#### [Assignment]
Each line of the data below between the one containing "this 284×189 image." and the one containing "this 1062×795 image.", both included, is to be repeated exactly. Please omit pictures.

#### [Raw data]
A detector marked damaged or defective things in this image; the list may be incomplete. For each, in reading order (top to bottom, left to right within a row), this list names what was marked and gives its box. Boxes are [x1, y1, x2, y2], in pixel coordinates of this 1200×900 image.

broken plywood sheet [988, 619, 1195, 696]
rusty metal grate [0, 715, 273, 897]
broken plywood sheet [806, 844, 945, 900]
---
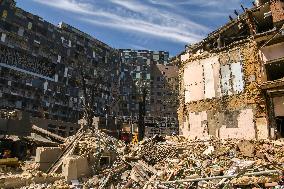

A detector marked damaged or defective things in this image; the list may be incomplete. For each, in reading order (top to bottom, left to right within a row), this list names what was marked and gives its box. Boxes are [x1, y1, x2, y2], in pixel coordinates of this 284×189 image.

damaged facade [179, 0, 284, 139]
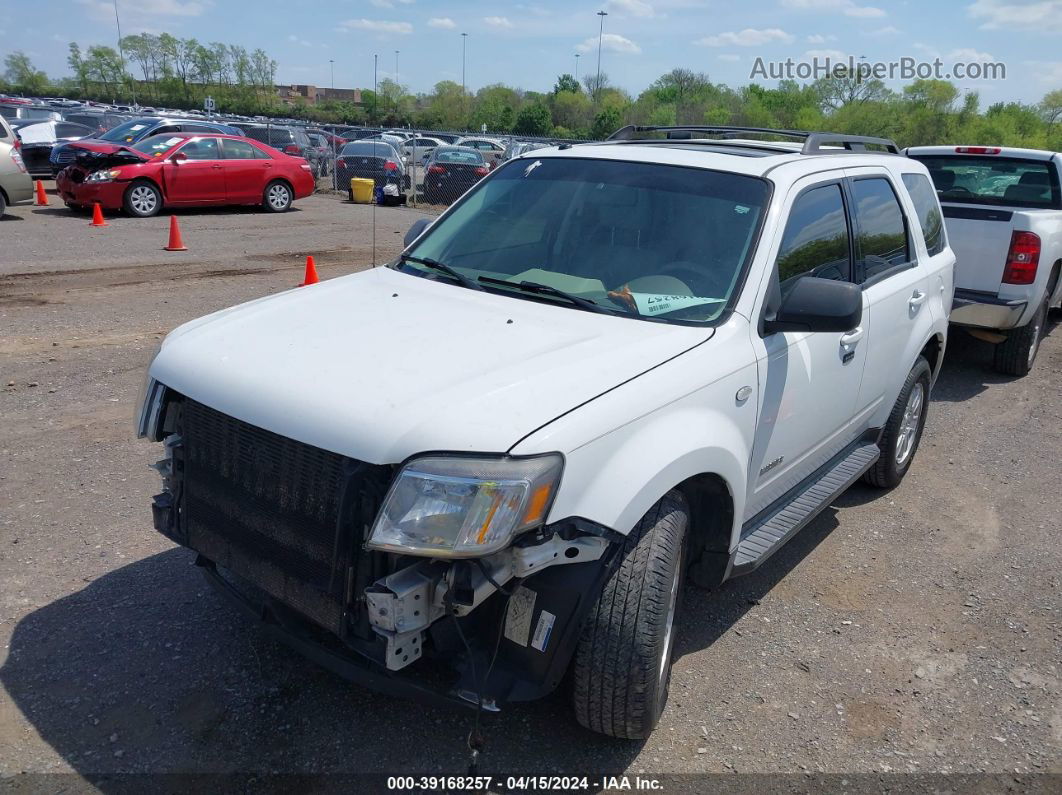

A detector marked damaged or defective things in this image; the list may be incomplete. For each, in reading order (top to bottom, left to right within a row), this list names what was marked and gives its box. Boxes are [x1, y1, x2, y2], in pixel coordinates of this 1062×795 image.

#### [Output of the exercise]
A detector marked damaged or defective things in this image; the list may be incomplete. For each, in reading order (top to bottom, left to right within a row), this list names what was marked and gives its box. Boxes are [x1, y1, x2, y2], in pixel coordinates of this 284×189 image.

damaged facade [179, 0, 284, 139]

A detector marked damaged or defective things in this image; the list may be incomplete. For each, in reading order (top to bottom, left to right within a row), this list names what was marked and gives its box. Boxes are [x1, y1, x2, y2], in pixel coordinates of this 1062×795 image.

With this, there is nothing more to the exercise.